## HOW TO COMPLETE THIS TASK
Please restate each entry word for word and leave the pictures out.

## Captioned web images
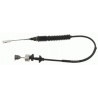 Cable d'embrayage SACHS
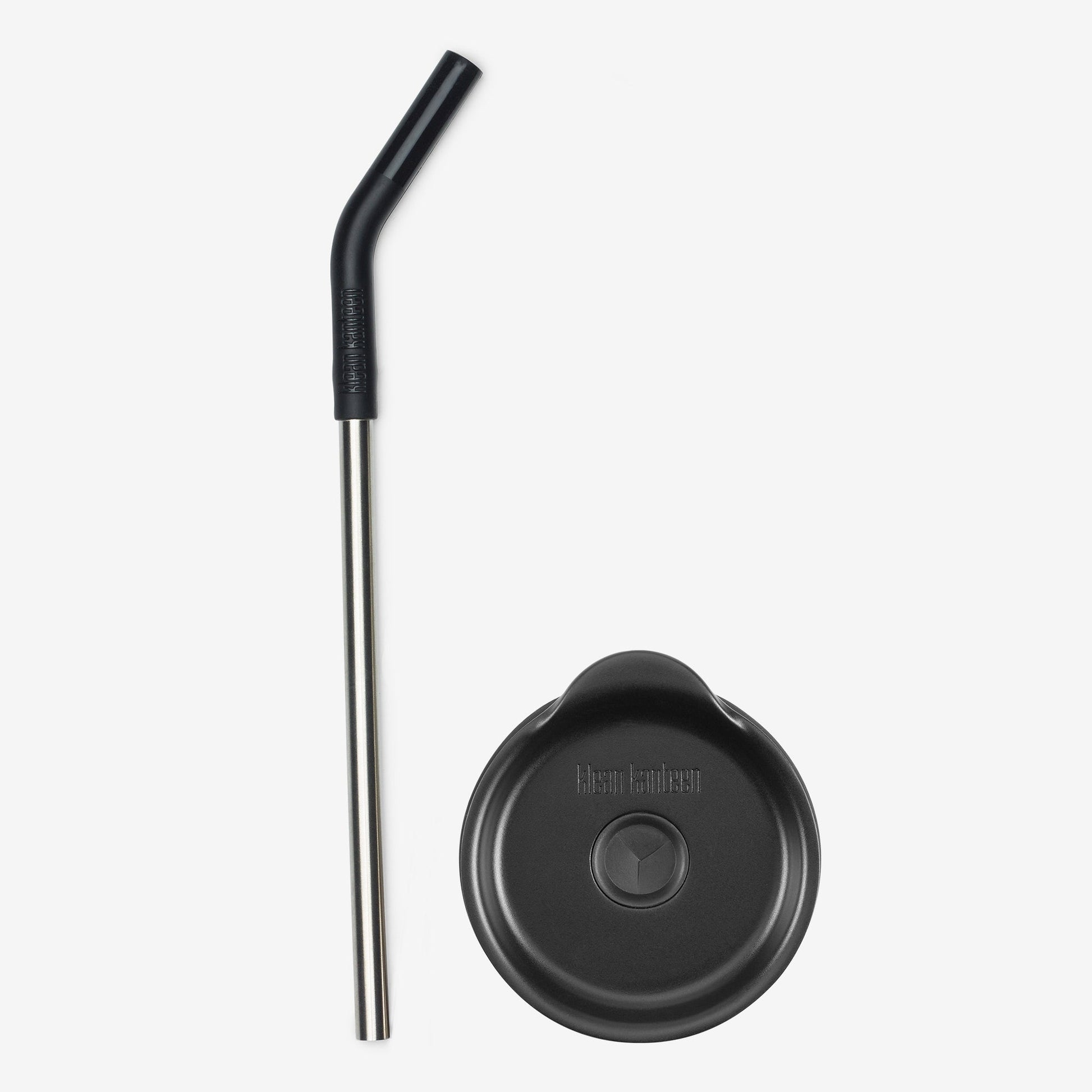 tumbler-straw-lid-with-straw-z8 tumbler_straw_lid_with_straw.jpg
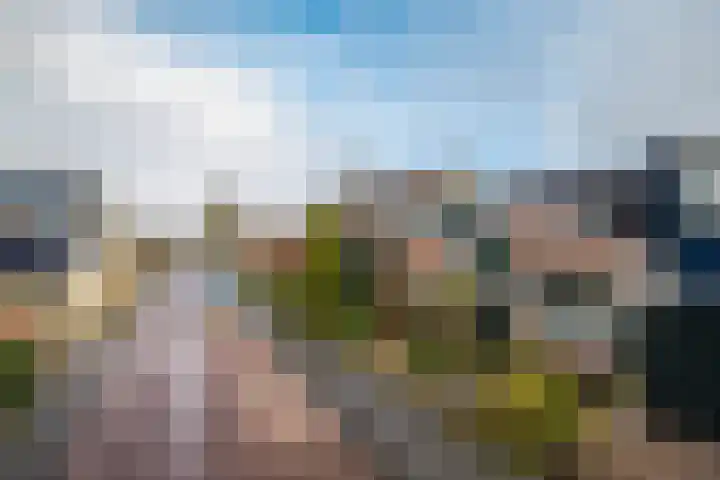 Methorsterweg 55 Rheden thumbnail 6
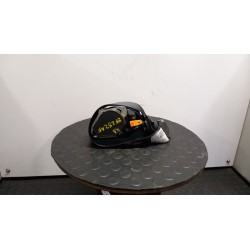 CINTURA DI SICUREZZA ANT. DX. 150 VOLKSWAGEN GOLF (5K/AJ) (09/08-) CAY 1K4857706BMRAA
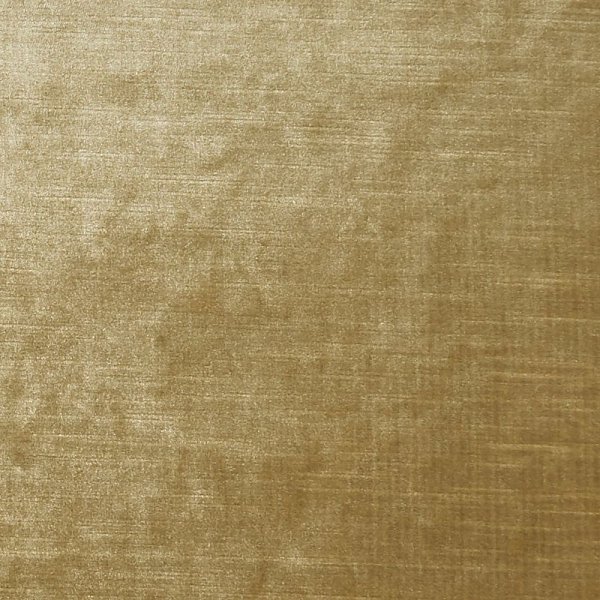 Текстиль Clarke &amp; Clarke Allure F1069/35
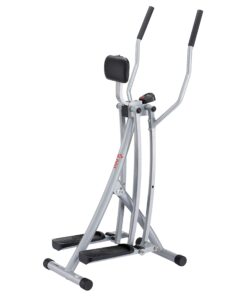 Sunny Health & FitnessElliptical One Size Gray 34 71K7Of90ycL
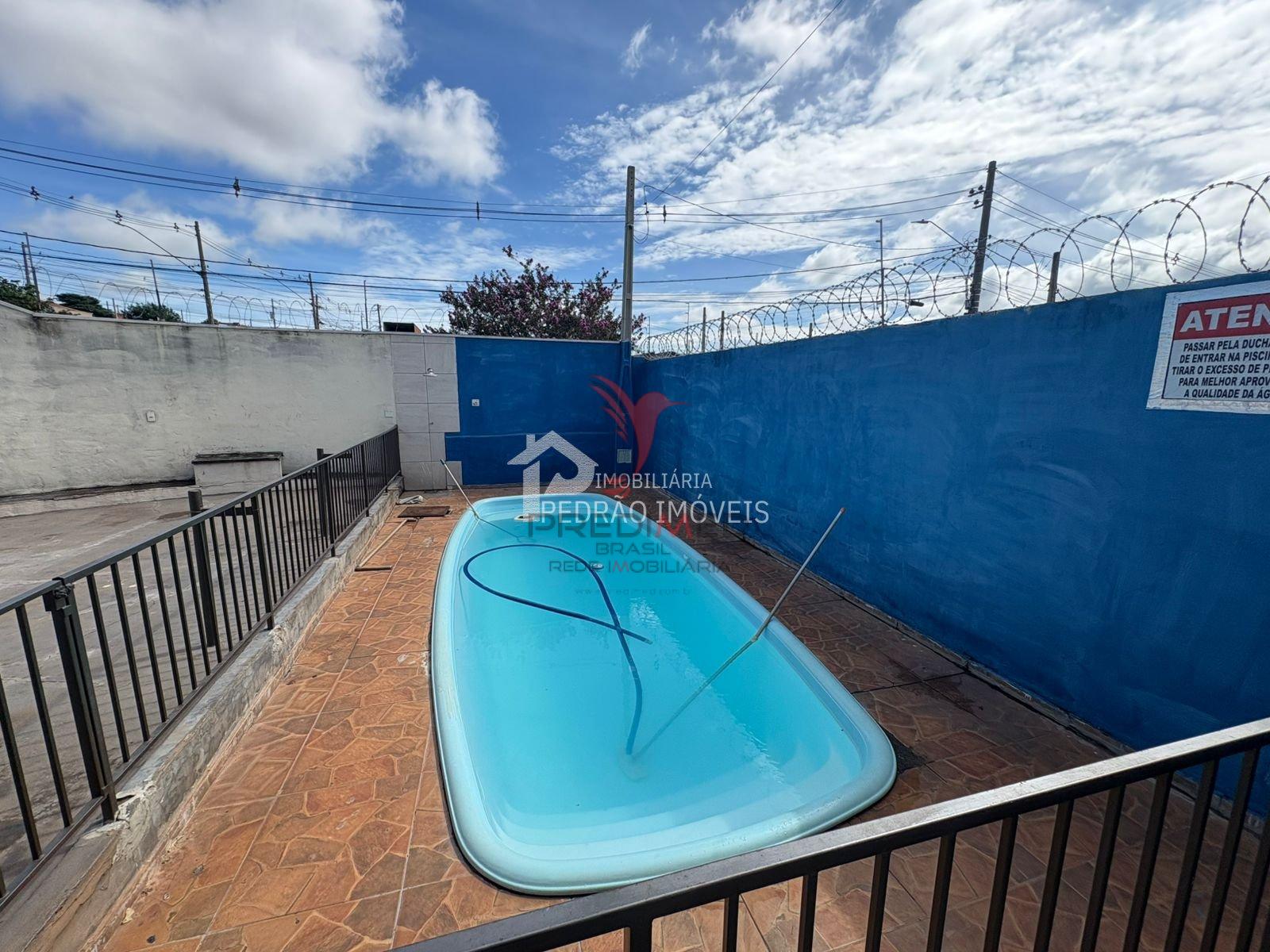 Antonio Lopes  Lençóis Paulista - 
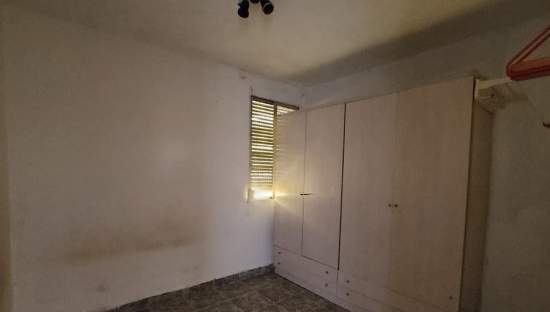 Piso en venta en Polgono Paz A-8 Murcia Murcia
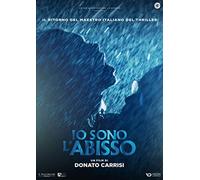 Io sono l'abisso (DVD)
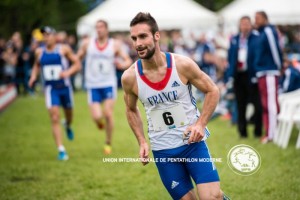 4e54a331-0669-4dd8-9810-022fa9ac9dad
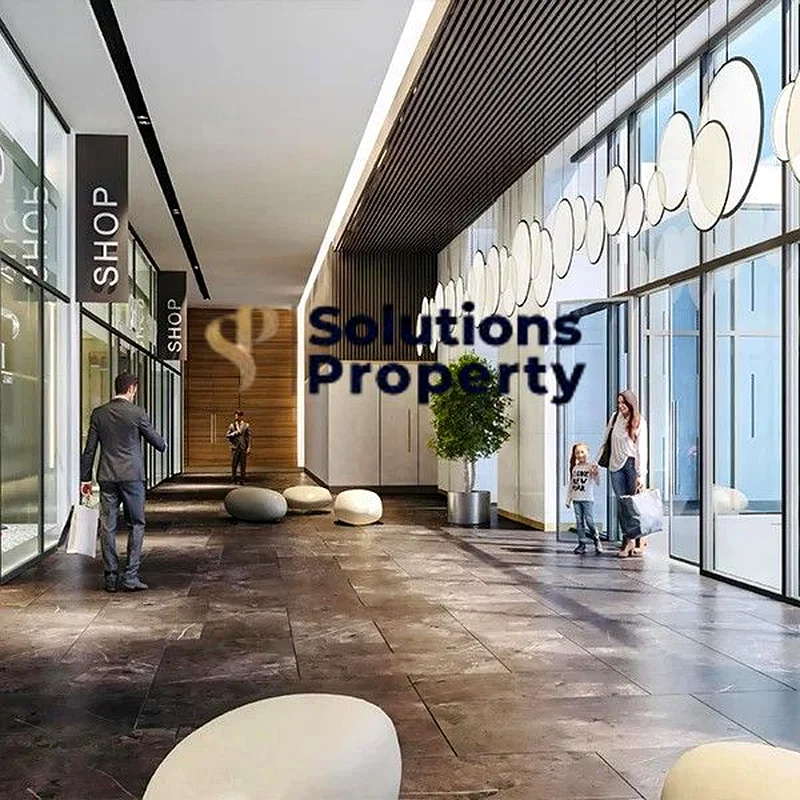 Prime Location, Luxury lifestyles, Ready to Move in63842850041346111
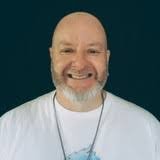 The Exer Volume 1 di Destiny McFaul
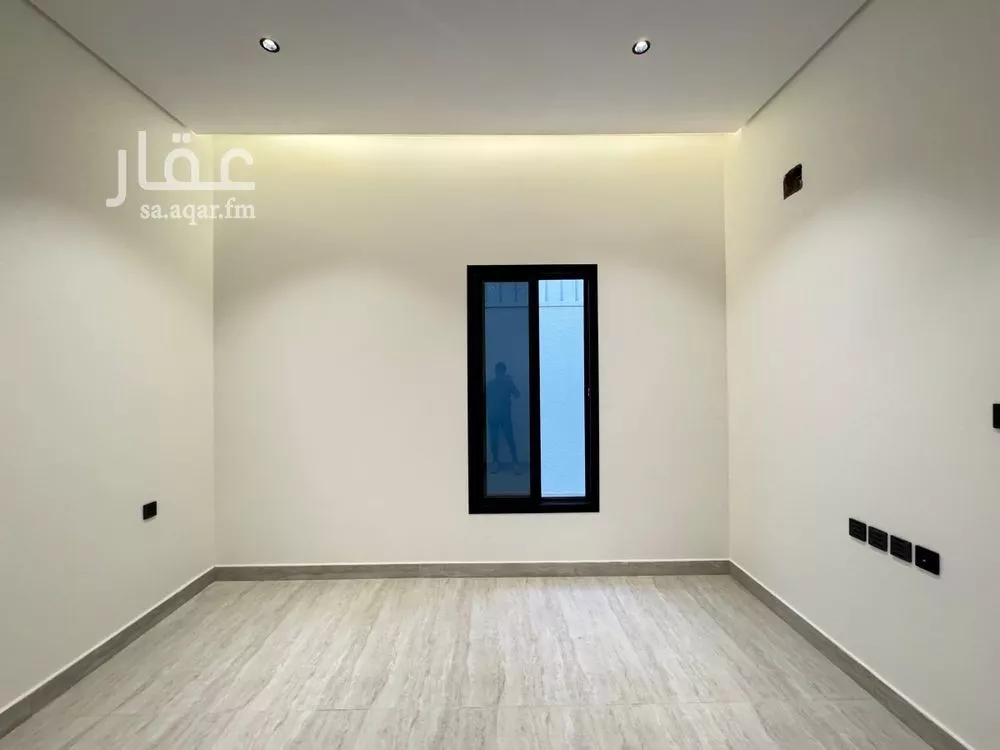 دور 3 غرف في الزهرة 15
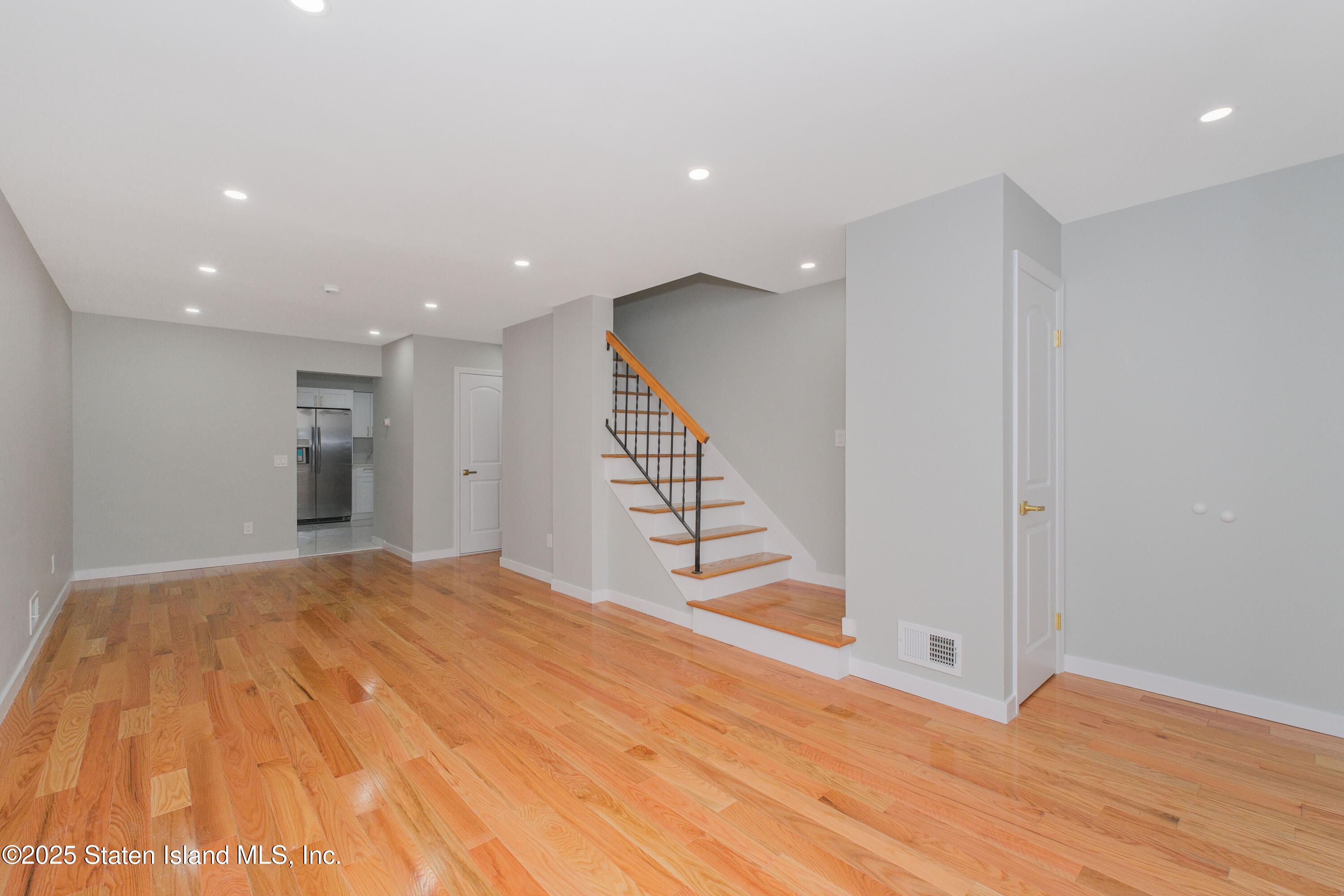 177 Freedom Avenue, Staten Island, NY, 10314 image 23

## SOLUTION TO THE PROBLEM
 Cable d'embrayage SACHS
 tumbler-straw-lid-with-straw-z8 tumbler_straw_lid_with_straw.jpg
 Methorsterweg 55 Rheden thumbnail 6
 CINTURA DI SICUREZZA ANT. DX. 150 VOLKSWAGEN GOLF (5K/AJ) (09/08-) CAY 1K4857706BMRAA
 Текстиль Clarke &amp; Clarke Allure F1069/35
 Sunny Health & FitnessElliptical One Size Gray 34 71K7Of90ycL
 Antonio Lopes  Lençóis Paulista - 
 Piso en venta en Polgono Paz A-8 Murcia Murcia
 Io sono l'abisso (DVD)
 4e54a331-0669-4dd8-9810-022fa9ac9dad
 Prime Location, Luxury lifestyles, Ready to Move in63842850041346111
 The Exer Volume 1 di Destiny McFaul
 دور 3 غرف في الزهرة 15
 177 Freedom Avenue, Staten Island, NY, 10314 image 23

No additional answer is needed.